# Trigonometric Ratios for Compound Angles – Part2

## Trigonometric Ratios for Compound Angles – Part2

Cosine of the Sum of Two Angles:

$$\cos \left( A+B \right)=\cos A\cos B-\sin A\sin B$$ for all angles A and B

Proof:

Let X’OX and YOY’ be the coordinate axes.

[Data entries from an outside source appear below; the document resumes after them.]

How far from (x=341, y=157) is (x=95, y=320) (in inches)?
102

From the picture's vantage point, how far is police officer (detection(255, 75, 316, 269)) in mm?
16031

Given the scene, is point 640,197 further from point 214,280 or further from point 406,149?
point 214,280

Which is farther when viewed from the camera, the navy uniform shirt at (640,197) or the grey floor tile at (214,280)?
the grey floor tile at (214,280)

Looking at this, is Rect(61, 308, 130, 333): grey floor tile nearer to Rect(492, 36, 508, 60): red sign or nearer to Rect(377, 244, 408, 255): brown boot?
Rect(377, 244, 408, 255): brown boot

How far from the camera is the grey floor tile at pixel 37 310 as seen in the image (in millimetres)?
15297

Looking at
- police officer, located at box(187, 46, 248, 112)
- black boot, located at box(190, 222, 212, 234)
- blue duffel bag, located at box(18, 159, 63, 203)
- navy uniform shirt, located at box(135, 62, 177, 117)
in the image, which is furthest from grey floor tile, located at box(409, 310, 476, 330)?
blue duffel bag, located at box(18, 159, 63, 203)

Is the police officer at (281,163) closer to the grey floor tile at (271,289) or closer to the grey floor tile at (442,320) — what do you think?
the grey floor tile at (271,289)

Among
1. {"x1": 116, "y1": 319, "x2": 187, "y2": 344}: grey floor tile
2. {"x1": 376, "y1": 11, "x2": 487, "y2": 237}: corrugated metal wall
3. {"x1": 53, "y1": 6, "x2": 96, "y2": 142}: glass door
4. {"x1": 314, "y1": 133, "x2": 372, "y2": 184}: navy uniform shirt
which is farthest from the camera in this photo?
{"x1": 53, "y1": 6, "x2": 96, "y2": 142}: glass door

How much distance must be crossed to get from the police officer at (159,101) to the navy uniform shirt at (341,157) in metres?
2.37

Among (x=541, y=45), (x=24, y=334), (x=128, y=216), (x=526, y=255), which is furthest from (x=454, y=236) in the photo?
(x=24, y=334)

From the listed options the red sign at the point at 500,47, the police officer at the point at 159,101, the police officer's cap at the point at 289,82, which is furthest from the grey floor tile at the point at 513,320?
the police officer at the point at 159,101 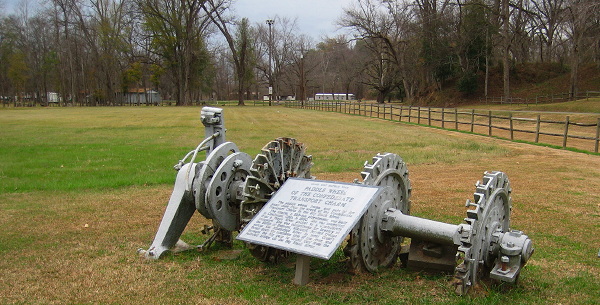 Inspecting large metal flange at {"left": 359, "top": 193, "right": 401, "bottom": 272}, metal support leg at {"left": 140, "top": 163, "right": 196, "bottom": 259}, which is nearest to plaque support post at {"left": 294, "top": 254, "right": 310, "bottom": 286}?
large metal flange at {"left": 359, "top": 193, "right": 401, "bottom": 272}

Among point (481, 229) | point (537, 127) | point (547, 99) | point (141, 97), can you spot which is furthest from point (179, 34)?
point (481, 229)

Consider a unit circle with O as the center.

Let P₁, P₂ and P₃ be the three points on the circle such that $$\angle XO{{P}_{1}}=A,\,\,\angle XO{{P}_{2}}=B\ \ and\ \ \angle XO{{P}_{3}}=A-B$$

We know that equal chord of a circle makes equal angles at its center, so chord P₀P₃ and P₁P₂ subtend equal angles at O.

Therefore, $$Chord\ \ {{P}_{0}}{{P}_{3}}=\ Chord\ \ {{P}_{1}}{{P}_{2}}$$

$$\Rightarrow \sqrt{{{\left\{ \cos \left( A-B \right)-1 \right\}}^{2}}+{{\left\{ \sin \left( A-B \right)-0 \right\}}^{2}}}$$$$=\sqrt{{{\left\{ \cos B-\cos A \right\}}^{2}}+{{\left\{ \sin B-\sin A \right\}}^{2}}}$$

Squaring on both sides

$${{\cos }^{2}}\left( A-B \right)-2\cos \left( A-B \right)+1+{{\sin }^{2}}\left( A-B \right)$$

$$={{\cos }^{2}}B+{{\cos }^{2}}A-2\cos A\cos B+{{\sin }^{2}}B+{{\sin }^{2}}A-2\sin A\sin B$$,

$$\left( {{\cos }^{2}}\left( A-B \right)+{{\sin }^{2}}\left( A-B \right) \right)-2\cos \left( A-B \right)+1$$

$$=\left( {{\cos }^{2}}B+{{\sin }^{2}}B \right)+\left( {{\cos }^{2}}A+{{\sin }^{2}}A \right)-2\cos A\cos B-2\sin A\sin B$$ ,

$$\left( 1 \right)-2\cos \left( A-B \right)+1=\left( 1 \right)+\left( 1 \right)-2\cos A\cos B-2\sin A\sin B$$,

$$2-2\cos \left( A-B \right)=2-2\cos A\cos B-2\sin A\sin B$$,

$$1-\cos \left( A-B \right)=1-\cos A\cos B-\sin A\sin B$$,

$$\cos \left( A-B \right)=\cos A\cos B+\sin A\sin B$$…(i)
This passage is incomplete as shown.